Cambridge University will track energy consumed by Bitcoin and Ethereum

Cambridge University will track energy consumed by Bitcoin and Ethereum

Bitcoin since its arrival has experienced extreme debates and criticisms and an important one is its environmental footprint of Bitcoin. In 2019, the Cambridge Centre for Alternative Finance (CCAF) launched the Cambridge Bitcoin Electricity Consumption Index (CBECI) to investigate the environmental implications of Bitcoin. These research efforts aimed to bring clarity to the space and provide relevant information and data points.

CCAF, best known for its Bitcoin energy consumption dashboards and research at the Cambridge Judge Business School, unveiled its Cambridge Blockchain Network Sustainability Index (CBNSI) on Wednesday. CBNSI is the first move of CCAF to increase the number of blockchain networks included in the index.

CBNSI provides information on Ethereum’s electricity consumption before and after the merge. The methodology applied for estimating Ethereum’s electricity is based on a techno-economic model similar in logic to what is used for Bitcoin, modified specifically for Ethereum. It is important to note here that for post-merge the methodology to be used is different.

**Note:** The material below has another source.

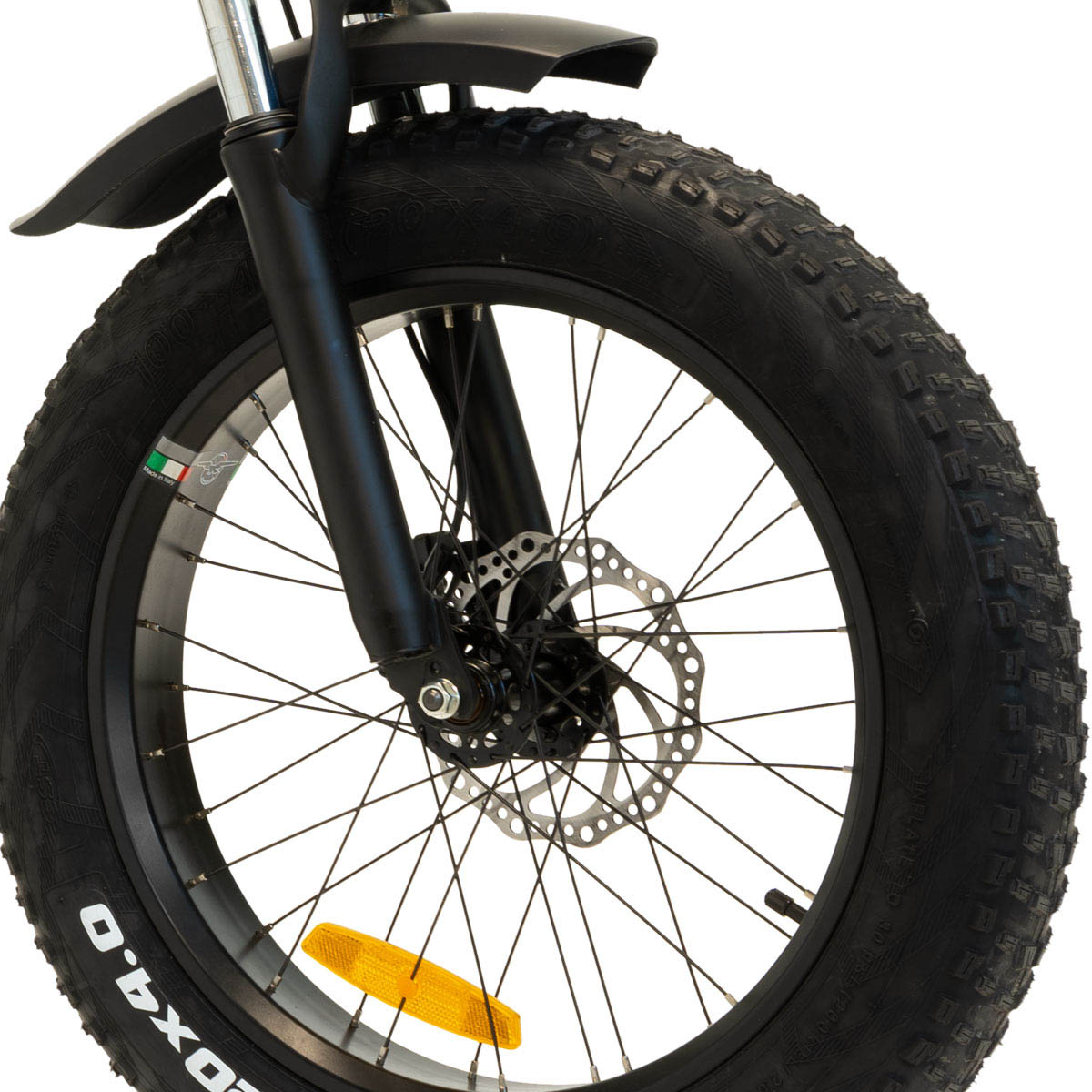 ruedas neumaticos  bicicleta electrica Italwin K2 MAX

In the published document, the centre decoded Ethereum’s evolution and its environmental implications and mentioned that Ethereum used a PoW-based consensus mechanism (proof-of-work) but later transitioned to proof-of-stake (PoS). This transition often called the merge, is part of a series of major technical upgrades to enable decentralized scaling and tackle environmental concerns.

The document further explained that during the proof-of-work mechanism, Ethereum was predominantly mined using graphics processing units (GPUs) and, to some extent, application-specific integrated circuits (ASICs). While technically capable, it did not consider CPUs (central processing units) in research, as their mining performance is inferior to that of GPUs and ASICs. It further examined pre-merge electricity consumption.

Following that, the document highlighted Ethereum’s shift to a PoS-based consensus mechanism, which started in 2014. In PoW network participants who propose blocks must demonstrate unforgeable proof (a valid block hash) that they have spent computational resources. Conversely, PoS does not require such proof but instead requires participants to put financial resources at stake. It further explained its environmental impact.

The debate around electricity consumption and sustainability has gained momentum, thus, it is extremely important to perform active and thorough research to understand the actual impact of the currencies on the environment. It is evident that as the industry continues to evolve, policymakers and regulators are aiming to strike a balance between supporting its growth and minimizing its environmental impact.